1. Apply mathematics to problems arising in everyday life, society, and the workplace.
2. Use a problem-solving model that incorporates analyzing given information, formulating a plan or strategy, determining a solution, justifying the solution, and evaluating the problem-solving process and the reasonableness of the solution.
3. Select tools, including real objects, manipulatives, paper and pencil, and technology as appropriate, and techniques, including mental math, estimation, and number sense as appropriate, to solve problems.
4. Communicate mathematical ideas, reasoning, and their implications using multiple representations, including symbols, diagrams, graphs, and language as appropriate.
5. Create and use representations to organize, record, and communicate mathematical ideas.
6. Analyze mathematical relationships to connect and communicate mathematical ideas.
7. Display, explain, and justify mathematical ideas and arguments using precise mathematical language in written or oral communication. A great way to integrate this is through daily number talks.

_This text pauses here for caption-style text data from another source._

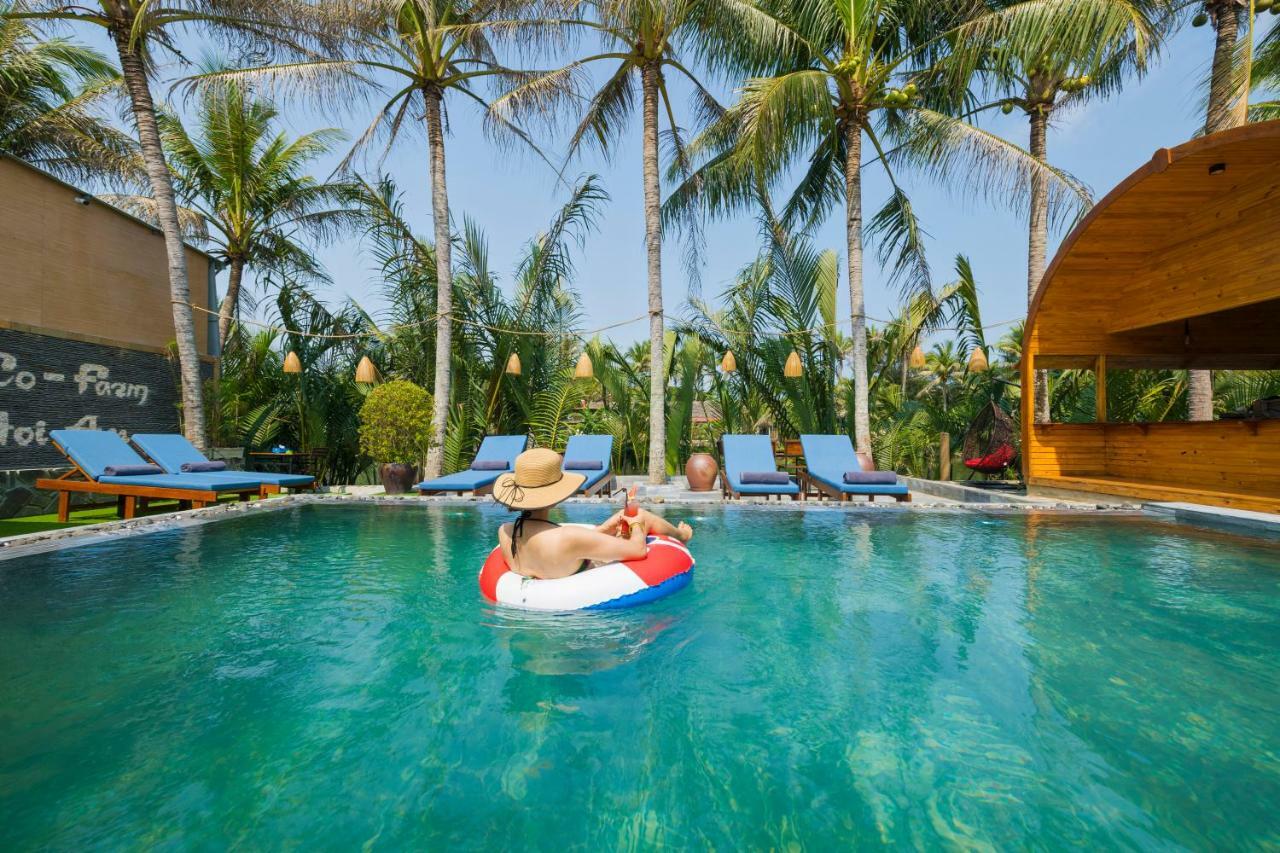 Apartamento Coco-Farm Hoi An Exterior foto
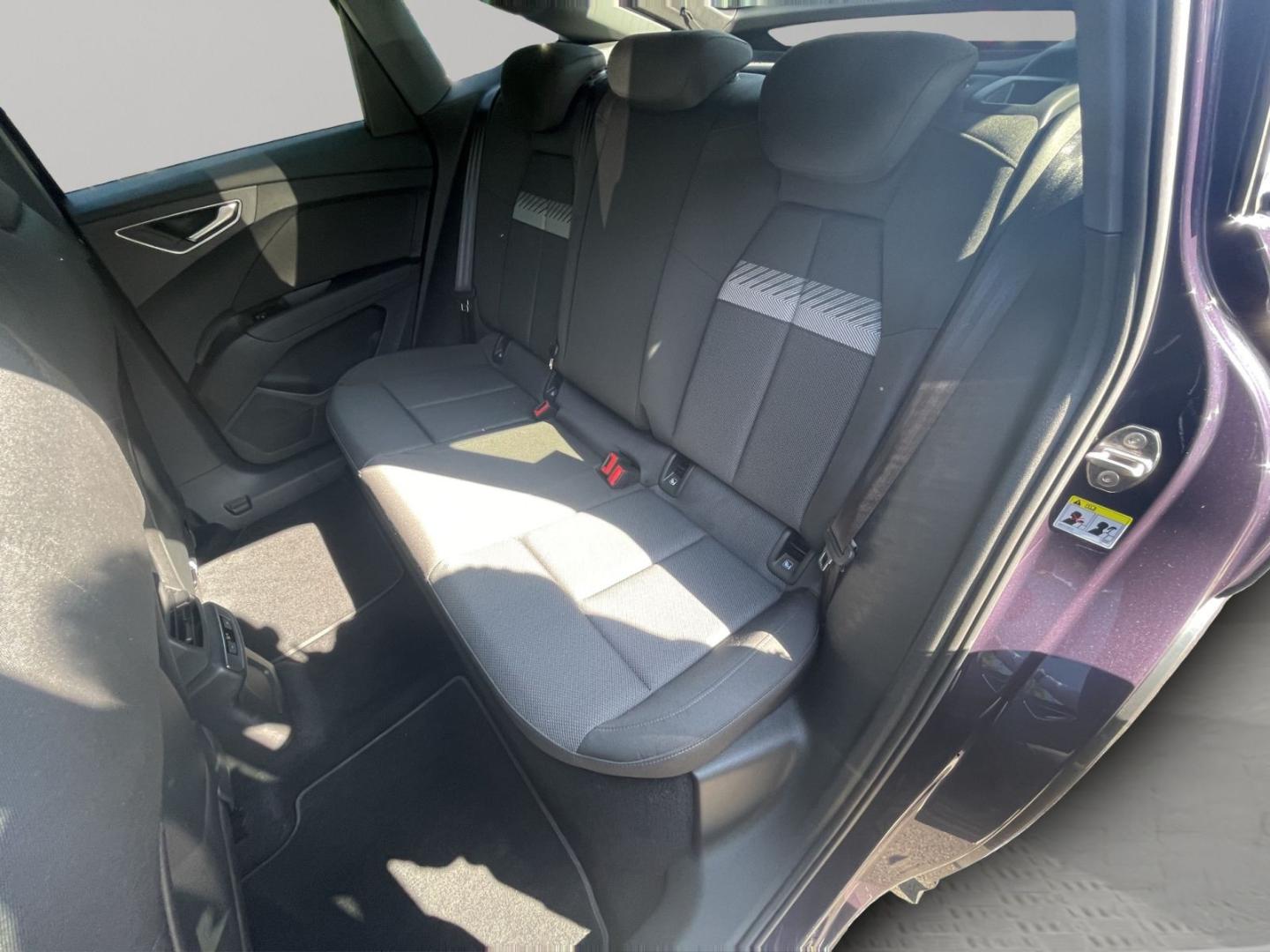 Image about Audi Q4 Sportback e-tron 35 e-tron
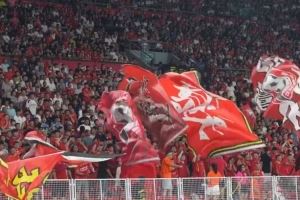 辽宁铁人农商银行2-2广东广州豹Match day先导片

As you can see, there are both similarities and differences amongst the Mathematical Process Standards and Standards for Mathematical Practice.

## How Do I Make the Standards Kid-Friendly?

It is essential to communicate the standards to students so they understand the goal or goals that they are working towards in a given lesson. Furthermore, learning is most purposeful when standards are communicated. This should be done both orally and in writing at the beginning of the lesson, referred back to during the lesson, and addressed again at the end of the lesson.

When communicating these standards, it is critical that the teacher use kid-friendly language. If the teacher does not use language that the students can easily understand, stating the standards becomes far less effective. As a result, teachers should remember the 5 ideas below when making the standards kid-friendly.

1. Structure the standard as an “I can” statement.
2. Use simple, developmentally-appropriate language.
3. Utilize direct, active-voice language.
4. Limit the standard to one concise sentence.
5. Add a visual to support understanding when applicable.